What is added by the economics of “that which is not seen”?
- The market creates many opportunities for sellers to abuse buyers, yet the market is not chaos: it enables specialization and competition. The same market economy that often feels like a jungle is the mechanism that has sustained the West’s unprecedented prosperity and is also the hope for sustained progress of the Rest. But this is not seen because it has taken hundreds of years to materialize; life’s too short for it to be seen. (My colleague Omer Moav makes a similar point in a penetrating review, which he showed me recently, of Ariel Rubinstein's Economic Tales.)
- If something that you consume is in short supply so that the price goes up, you lose in the short term, and this is seen. Beyond this, however, is an unseen process by which all gain. There is adaptation. Responding to the increased cost, we economize on uses, we search for substitutes, and we find or create new sources of supply. The adaptation is not seen because it would require the simultaneous observation of a million small responses.

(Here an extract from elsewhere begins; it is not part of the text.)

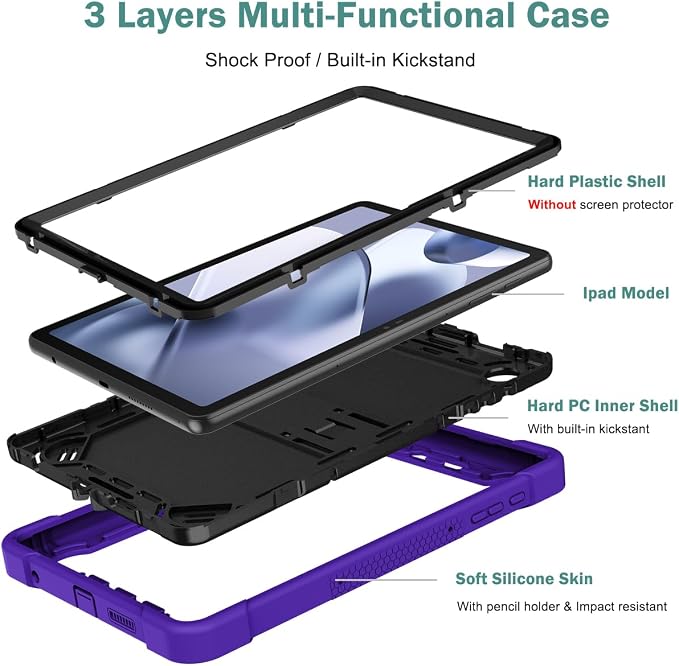 Case for T-Mobile REVVL Tab 2 Android 15 Tablet 10.1 inchHeavy Duty Shockproof Protective Cover with KickstandKids Friendly4 Corners Thicken ShockproofBlack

- Work is stressful, and a predatory employer can increase the stress for the sake of profit. But that is incomplete. In the Marxian perspective there is only one kind of surplus, called profit, one source of surplus, called labour, and one class of recipients, the capitalist class. In the competitive market economy every transaction gives rise to a surplus on both sides. Day by day, billions of small surpluses accrue to both sides, buyers and sellers, that are party to every transaction. In other words, there are surpluses everywhere and they accrue to everyone; they are not the monopoly of one class. But this, too, is not seen.
- Everyone getting together to force change does not always make anything better, and this might be the case quite often. This is not seen for two reasons. First, in every case to establish the results of intervention requires the careful construction of a counterfactual (in other words, what would have happened without the intervention) which, to most people, seems intolerably speculative. Second, when intervention has demonstrably not brought about the benefit sought, there is a natural human tendency to shift the responsibility from our own action to the counteraction of those that disagree with us, whom we make into scapegoats.
Whatever things are not seen, it’s hard to know they are there. Understandably, therefore, most people stick to the economics of what they can see for themselves. Most of those don’t think of themselves as Marxists or even socialists. Still, it ensures a reservoir of instinctive sympathy in our society for ideas that are aligned with Marx's and helps to explain his lasting influence. This reservoir is continually refilled from everyday experience. That's why Marxist ideas live on and will often be well received by well educated, well intentioned people.
Full disclosure: In years gone by I considered myself a Marxist and I read a lot of Marx, Engels, Lenin, Stalin, Mao and others. At various times I joined a Capital reading group, and taught the economics of Marx (alongside Smith, Ricardo, List, and Schumpeter), and I even wrote a pamphlet called The Economics of Capitalism; I still have a copy; one day I’ll scan it and put it on line. Somewhere between that time and this, however, I changed my mind for reasons that I wrote down here.